Su crueldad y su soberbia no conocieron límites y su sombra se proyectará, ominosa, durante muchos años sobre esta tierra desgarrada. Nada de esto se reflejó en los obituarios que le prodigaron escribas cobardes o ignorantes de sus viles acciones.
A lo sumo, se dijo que “había sido un símbolo de la lucha armada”, sin mención alguna de la estructura militar que posibilitó sus fechorías. Nadie tuvo el valor de referirse a las “compañías del ERP”, ni a sus “escuelas militares” ni a la conexión que existía entre diversos grupos guerrilleros locales y foráneos. Nadie fue capaz de recordar a sus víctimas, excepto la erpiana Susana Viau de Vómito Oficial, que señaló la “ejecución” (sic) de Somoza como una de sus hazañas. (Los “militantes populares” siempre son “asesinados”, nunca “capturados”, sino “secuestrados”).

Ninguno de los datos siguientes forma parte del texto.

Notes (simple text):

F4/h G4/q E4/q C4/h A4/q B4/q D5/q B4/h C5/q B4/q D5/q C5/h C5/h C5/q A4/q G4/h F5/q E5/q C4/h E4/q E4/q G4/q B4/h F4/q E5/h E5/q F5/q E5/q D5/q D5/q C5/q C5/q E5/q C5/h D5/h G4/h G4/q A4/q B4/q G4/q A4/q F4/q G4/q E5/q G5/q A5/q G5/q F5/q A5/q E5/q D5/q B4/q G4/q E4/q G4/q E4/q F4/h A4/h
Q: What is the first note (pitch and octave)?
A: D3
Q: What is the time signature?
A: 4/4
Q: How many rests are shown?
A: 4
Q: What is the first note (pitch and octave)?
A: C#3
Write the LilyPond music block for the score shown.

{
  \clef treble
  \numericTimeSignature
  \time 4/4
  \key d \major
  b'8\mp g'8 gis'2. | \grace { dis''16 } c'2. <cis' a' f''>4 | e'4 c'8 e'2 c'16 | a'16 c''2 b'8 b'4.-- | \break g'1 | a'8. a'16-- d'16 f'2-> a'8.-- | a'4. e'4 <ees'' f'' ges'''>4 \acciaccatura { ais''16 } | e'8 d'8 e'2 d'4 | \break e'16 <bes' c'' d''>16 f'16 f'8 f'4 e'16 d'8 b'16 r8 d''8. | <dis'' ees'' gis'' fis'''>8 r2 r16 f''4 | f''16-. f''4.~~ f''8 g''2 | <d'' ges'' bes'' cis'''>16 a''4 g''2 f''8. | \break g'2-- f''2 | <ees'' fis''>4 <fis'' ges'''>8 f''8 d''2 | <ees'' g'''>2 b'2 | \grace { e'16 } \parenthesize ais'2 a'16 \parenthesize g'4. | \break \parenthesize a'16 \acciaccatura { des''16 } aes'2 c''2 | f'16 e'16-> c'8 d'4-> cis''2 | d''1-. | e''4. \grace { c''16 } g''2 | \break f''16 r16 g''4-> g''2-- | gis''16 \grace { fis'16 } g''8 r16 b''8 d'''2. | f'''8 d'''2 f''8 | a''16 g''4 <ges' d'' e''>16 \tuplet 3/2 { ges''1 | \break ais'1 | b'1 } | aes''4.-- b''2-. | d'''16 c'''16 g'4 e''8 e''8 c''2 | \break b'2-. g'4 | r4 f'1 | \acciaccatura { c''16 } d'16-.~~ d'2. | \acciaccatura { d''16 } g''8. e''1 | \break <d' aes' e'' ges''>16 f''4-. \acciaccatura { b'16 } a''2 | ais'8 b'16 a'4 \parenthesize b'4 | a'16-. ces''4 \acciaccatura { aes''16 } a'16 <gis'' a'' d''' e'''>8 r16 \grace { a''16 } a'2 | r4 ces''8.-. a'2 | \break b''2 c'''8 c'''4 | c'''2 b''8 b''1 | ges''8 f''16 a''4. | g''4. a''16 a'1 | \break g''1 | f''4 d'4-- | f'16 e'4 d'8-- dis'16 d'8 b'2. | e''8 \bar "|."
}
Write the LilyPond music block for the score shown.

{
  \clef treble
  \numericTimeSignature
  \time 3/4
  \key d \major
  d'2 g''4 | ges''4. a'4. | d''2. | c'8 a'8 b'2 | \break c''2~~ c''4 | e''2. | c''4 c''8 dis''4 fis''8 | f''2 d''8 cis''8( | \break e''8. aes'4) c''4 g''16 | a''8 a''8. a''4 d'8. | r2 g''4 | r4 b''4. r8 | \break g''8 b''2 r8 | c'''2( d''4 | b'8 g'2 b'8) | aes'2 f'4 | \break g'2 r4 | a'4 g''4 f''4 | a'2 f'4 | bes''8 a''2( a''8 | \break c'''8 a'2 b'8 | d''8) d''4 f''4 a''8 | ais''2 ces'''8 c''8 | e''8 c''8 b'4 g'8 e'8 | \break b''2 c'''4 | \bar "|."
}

Pero, aun en su malignidad, Gorriarán merece algún respeto. Si se me permitiese, diría que su capacidad para hacer el mal tenía algo de diabólica grandiosidad, como Nerón, Juliano el Apóstata o su ídolo, el Che Guevara. Algo tenía entre sus pantalones el siniestro “Pelado”, demostrándolo en más de una ocasión. Fue, si se quiere y a su modo, un tipo valiente. (No importa lo demás, agregaría Borges).
Gorriarán en el gobierno habría dictado innumerable sentencias de muerte y sería un perseguidor implacable de todos cuanto se le opusieran, y nadie tendría derecho a sorprenderse, porque los hijos de la Revolución obran siempre así. Pero esas atrocidades, y le sigo pidiendo permiso al lector para expresarme, contarían con el respaldo de su azarosa e innegable militancia.
Años luz separan al Pelado del “prudente” Tuerto Néstor, por quien los verdaderos combatientes experimentan un asco profundo. Más de uno me lo dijo, ya de vuelta de la locura que lo poseyó allá por los setenta.
Al saber de la muerte de Gorriarán, tentado estuve de no rezar por su alma y de descorchar una botella de champagne. Pero le dediqué un Ave María y me tomé tan sólo una copichuela de tan fantástica creación de los galos. En cambio, si espicha uno que yo me sé, minga de rezos, y mucho, muchísimo “champú”. Y date prisa, Dios mío, que ya no se aguanta.